— What is being asked —
What are the lines from the top of the entries below through the line containing "Dog Breeds Head"? Return them exactly, both ends included, without the pictures.

— Data supplied —
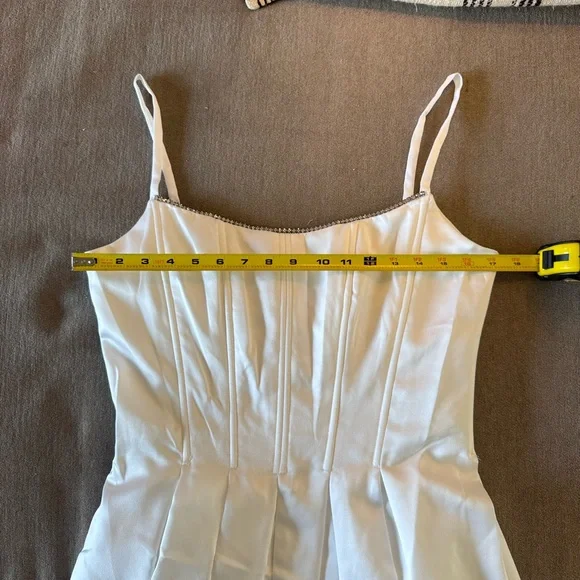 Vintage Jessica McClintock White Satin Gown - Picture 7 of 8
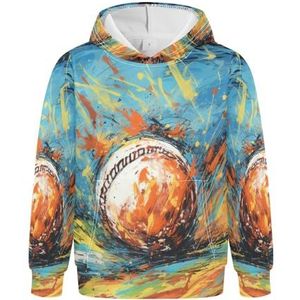KAAVIYO Aquarel Art Kickball Hoodies Atletische hoodies met capuchon 3D-print schattig voor meisjes en jongens, Patroon, L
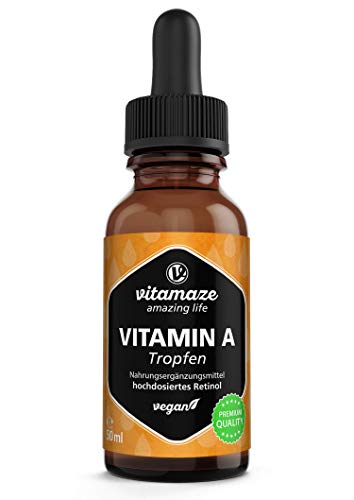 Vitamina A Gotas 5000 UI de Alta Dosis por Diaria, 50 ml (1700 Gotas), Retinol Vegetariano y Liquido, Alta Biodisponibilidad, Suplemento Alimenticio Natural sin Aditivos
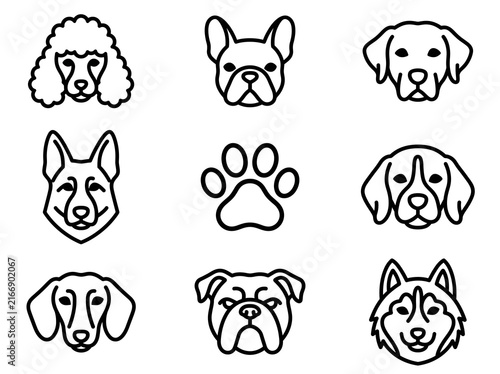 Dog Breeds Head Faces and Paw Print Line Art Icons Set Vector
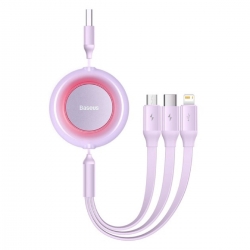 Кабель Baseus Bright Mirror 2 Series Retractable 3-in-1 Fast Charging  Data Cable USB to M+L+C 3.5A 1.1m Purple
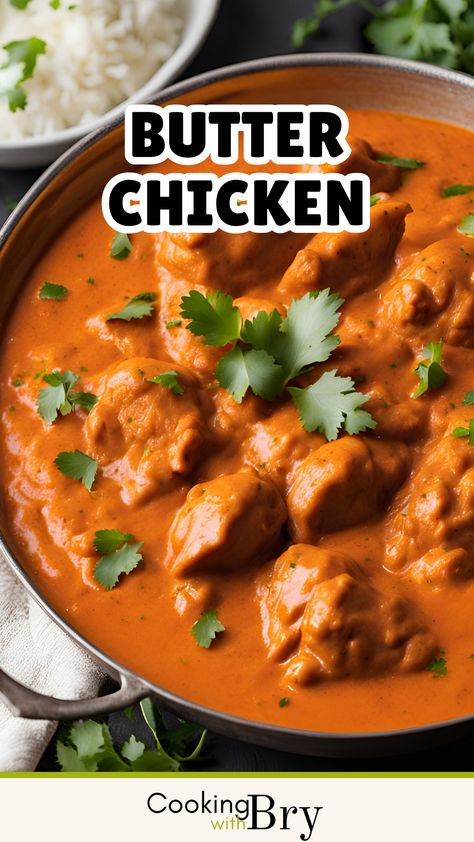 Experience the rich and creamy delight of Butter Chicken. Tender pieces of chicken are cooked in a spiced tomato-based sauce with butter and cream, creating a dish that's velvety and full of flavour. This classic Indian dish is perfect for a comforting meal at home and is sure to become a favourite. Serve with basmati rice or naan bread to complete this delicious and satisfying meal. An easy-to-follow recipe that brings the taste of India to your kitchen. Butter Chicken And Naan, Forbidden Food, Lamb Pasta, Butter Chicken Sauce, Recipes With Naan Bread, Indian Butter Chicken, Chicken Tender, Butter Chicken Recipe, Salad Sauce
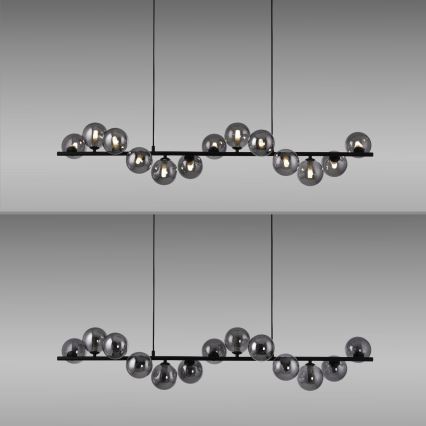 Schöner Wohnen 14504-18 - LED-Pendelleuchte DUBAI an Stahlseil 13xG9/3W/230V 118 m schwarz/rauchfarben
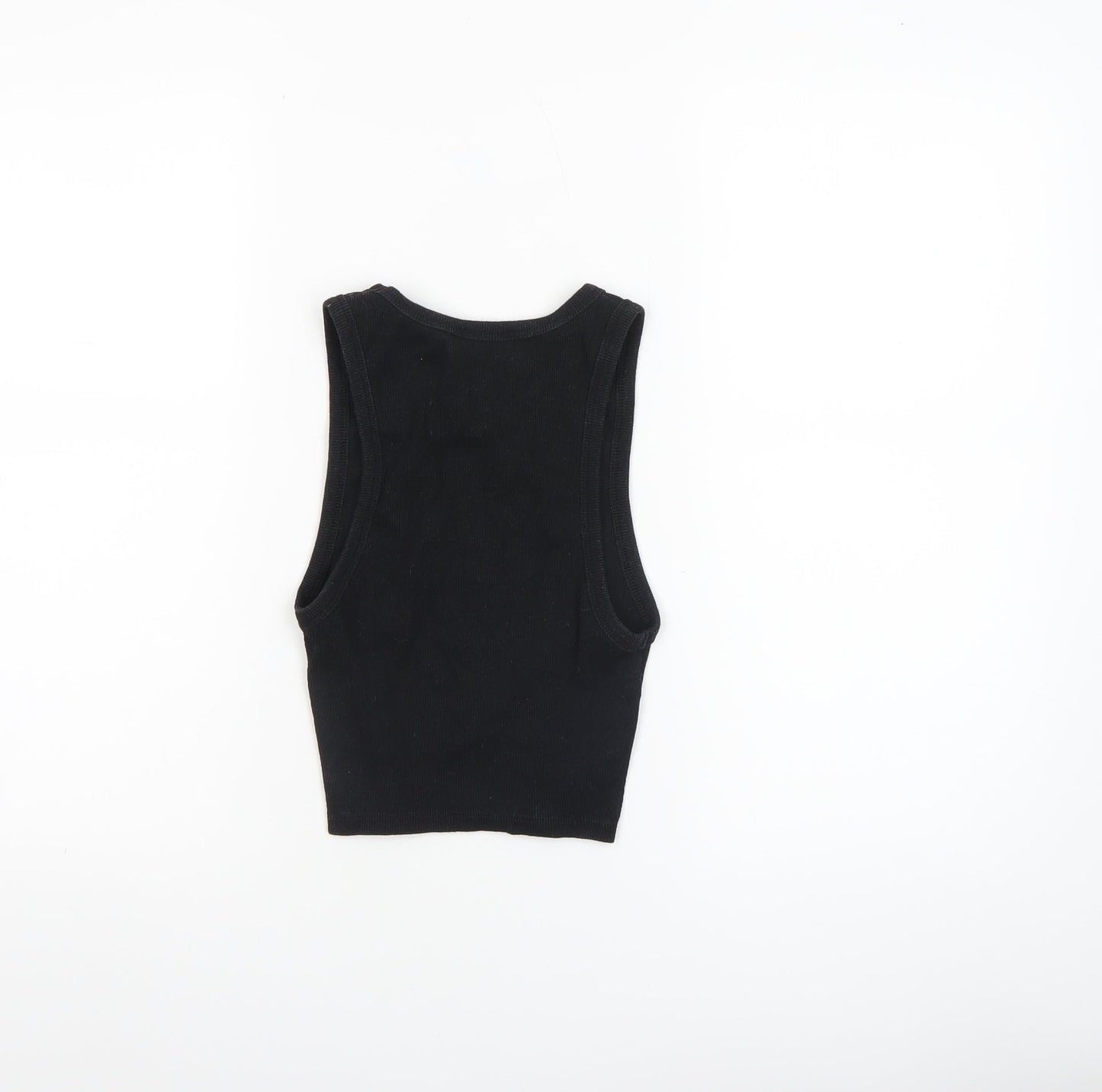 Zara Women’s Black Cropped Tank Top Cotton Stretch S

— Your solution —
 Vintage Jessica McClintock White Satin Gown - Picture 7 of 8
KAAVIYO Aquarel Art Kickball Hoodies Atletische hoodies met capuchon 3D-print schattig voor meisjes en jongens, Patroon, L
 Vitamina A Gotas 5000 UI de Alta Dosis por Diaria, 50 ml (1700 Gotas), Retinol Vegetariano y Liquido, Alta Biodisponibilidad, Suplemento Alimenticio Natural sin Aditivos
 Dog Breeds Head Faces and Paw Print Line Art Icons Set Vector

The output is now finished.